Dataset extract: Begin

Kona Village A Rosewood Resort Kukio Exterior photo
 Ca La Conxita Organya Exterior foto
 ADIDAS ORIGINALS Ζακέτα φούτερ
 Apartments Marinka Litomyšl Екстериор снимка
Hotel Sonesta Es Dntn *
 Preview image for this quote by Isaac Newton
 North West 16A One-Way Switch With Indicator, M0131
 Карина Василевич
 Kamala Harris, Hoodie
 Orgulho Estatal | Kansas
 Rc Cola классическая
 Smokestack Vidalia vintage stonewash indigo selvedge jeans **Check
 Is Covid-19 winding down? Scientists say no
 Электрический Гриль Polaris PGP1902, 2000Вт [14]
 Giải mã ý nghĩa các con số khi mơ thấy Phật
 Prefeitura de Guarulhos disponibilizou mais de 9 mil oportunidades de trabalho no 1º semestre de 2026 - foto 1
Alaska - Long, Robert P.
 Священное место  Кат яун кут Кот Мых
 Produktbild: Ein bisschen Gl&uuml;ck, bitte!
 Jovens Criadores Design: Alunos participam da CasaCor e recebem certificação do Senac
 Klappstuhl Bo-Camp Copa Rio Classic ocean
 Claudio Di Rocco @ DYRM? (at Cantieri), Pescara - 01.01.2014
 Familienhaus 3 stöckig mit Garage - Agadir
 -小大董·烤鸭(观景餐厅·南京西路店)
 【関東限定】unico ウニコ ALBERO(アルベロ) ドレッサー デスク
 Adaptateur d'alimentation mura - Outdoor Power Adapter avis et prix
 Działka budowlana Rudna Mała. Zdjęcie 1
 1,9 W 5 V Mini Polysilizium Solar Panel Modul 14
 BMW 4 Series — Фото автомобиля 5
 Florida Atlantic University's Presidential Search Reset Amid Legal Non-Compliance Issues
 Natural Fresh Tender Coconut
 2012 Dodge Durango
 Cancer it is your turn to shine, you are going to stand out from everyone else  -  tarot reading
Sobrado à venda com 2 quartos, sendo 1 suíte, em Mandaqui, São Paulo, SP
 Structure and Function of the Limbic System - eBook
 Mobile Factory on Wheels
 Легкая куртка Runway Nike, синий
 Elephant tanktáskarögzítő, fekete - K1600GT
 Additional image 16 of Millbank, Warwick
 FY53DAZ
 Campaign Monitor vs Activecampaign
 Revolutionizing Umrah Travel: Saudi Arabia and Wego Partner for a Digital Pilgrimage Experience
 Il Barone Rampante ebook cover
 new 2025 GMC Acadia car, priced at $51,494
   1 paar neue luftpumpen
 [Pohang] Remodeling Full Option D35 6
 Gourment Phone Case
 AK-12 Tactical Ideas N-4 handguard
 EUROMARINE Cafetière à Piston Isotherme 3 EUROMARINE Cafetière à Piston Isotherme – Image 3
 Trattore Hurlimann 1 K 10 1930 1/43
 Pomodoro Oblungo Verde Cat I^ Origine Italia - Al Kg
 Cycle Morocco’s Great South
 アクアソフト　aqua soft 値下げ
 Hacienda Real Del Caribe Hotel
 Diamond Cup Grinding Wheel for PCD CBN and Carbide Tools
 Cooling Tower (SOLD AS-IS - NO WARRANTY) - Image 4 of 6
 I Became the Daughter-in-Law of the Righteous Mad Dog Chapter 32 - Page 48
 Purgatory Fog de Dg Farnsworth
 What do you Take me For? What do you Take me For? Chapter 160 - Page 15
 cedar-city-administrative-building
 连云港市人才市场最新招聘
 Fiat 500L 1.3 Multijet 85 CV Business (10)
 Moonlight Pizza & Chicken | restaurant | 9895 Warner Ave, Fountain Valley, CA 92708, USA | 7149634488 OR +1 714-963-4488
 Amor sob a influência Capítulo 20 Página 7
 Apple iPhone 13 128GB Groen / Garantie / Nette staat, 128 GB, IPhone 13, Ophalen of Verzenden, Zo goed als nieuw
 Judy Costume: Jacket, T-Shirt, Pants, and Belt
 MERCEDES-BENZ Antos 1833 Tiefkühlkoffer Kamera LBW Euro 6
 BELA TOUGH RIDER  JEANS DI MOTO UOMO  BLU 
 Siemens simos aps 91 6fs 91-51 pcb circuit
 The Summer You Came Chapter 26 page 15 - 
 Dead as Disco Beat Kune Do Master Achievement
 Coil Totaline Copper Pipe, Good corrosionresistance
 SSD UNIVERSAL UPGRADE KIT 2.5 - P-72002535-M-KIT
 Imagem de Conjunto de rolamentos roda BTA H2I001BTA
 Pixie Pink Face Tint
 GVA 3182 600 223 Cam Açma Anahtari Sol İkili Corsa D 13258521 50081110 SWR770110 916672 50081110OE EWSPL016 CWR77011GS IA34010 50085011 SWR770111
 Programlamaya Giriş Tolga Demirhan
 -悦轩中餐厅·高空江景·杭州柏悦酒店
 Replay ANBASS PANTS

Dataset extract: End

_Directions_
Lines containing the string "Hotel" are the ones to copy from the entries above.

_Response below_
Hotel Sonesta Es Dntn *
 Hacienda Real Del Caribe Hotel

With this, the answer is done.